Siegel's most jaw-dropping attempt to make money came when he tried to sell explosives to Mussolini. His lover, Countess di Frasso, had heard about a new type of explosive called Atomite that detonated soundlessly and smokelessly.
She used her Italian connections to pitch it to the fascist leader and he made a down payment of $40,000. In 1939, she and Siegel sailed to Rome but the deal fell through when the explosive failed to work in a demonstration.
On their way out of Mussolini's villa, they met Nazi Hermann Goering on his way in. Siegel, who naturally was armed and, as a Jew, hated the Nazis, considered killing Goering on the spot but di Frasso dissuaded him.
Although his career was steeped in bloodshed, including several high-profile murders, Siegel was never convicted of a serious crime.
In fact he was only found guilty of two minor offences, a 1930 charge of 'gambling and vagrancy' and, 14 years later, of 'placing bets illegally on a horse race'. He escaped both times with a fine.
Witnesses had a habit of disappearing as they did in 1941 when he was arrested for the murder of underworld kingpin Harry Greenberg. Despite six police guards, the mobster witness was thrown to his death from a hotel-room window wrapped in bedsheets.
In 1946, Siegel 'went legit' (up to a point) by moving into casinos, specifically a flashy Las Vegas hotel and casino called The Flamingo. Using Mob money, he spent a jaw-dropping $6 million turning The Flamingo into the most lavish joint in town.
By then, his wife had divorced him because he had a controlling new lover — Virginia Hill, a ravishing nymphomaniac who made a living carrying money around for the Chicago mafia.
Hill, an aspiring actress, shared his violent temper and was mind-boggingly extravagant, once spending $10,000 on a single dinner party.

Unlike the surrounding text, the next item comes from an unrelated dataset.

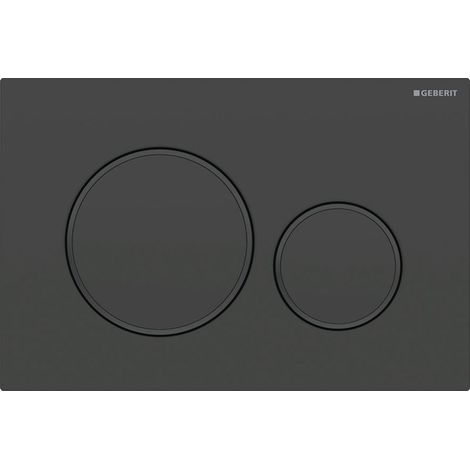 Plaque De Commande Double Chasse Pour WC, Finition Noir Mat Laqué, Surface Facile À Nettoyer, Compatible Système Encastré (1/4)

Hill was to prove Bugsy's undoing, the new biography argues. Allegations that she was skimming serious sums from The Flamingo's takings and stashing it away in Switzerland reached Mafia chiefs who had funded the project and were already furious it wasn't turning a profit.
It hadn't helped that Bugsy, hopelessly out of his depth, had filled the moat surrounding the casino with a flock of pink flamingoes that had promptly all died in the heat.
Siegel was reading a newspaper in Hill's Vegas home one night in June 1947 when an unknown gunman armed with a rifle shot him five times through the window, killing him instantly.
One of the bullets propelled his right eye 15 feet across the room, embedding it in the opposite wall. The murder remains a mystery although Shnayerson believes The Syndicate did a deal with Virginia, who arranged for her soldier brother or one of his Army friends to do it. Mafiosi, he notes, never used rifles.
The rapacious mobster who'd captivated Hollywood met a fate worthy of one of its goriest gangster films.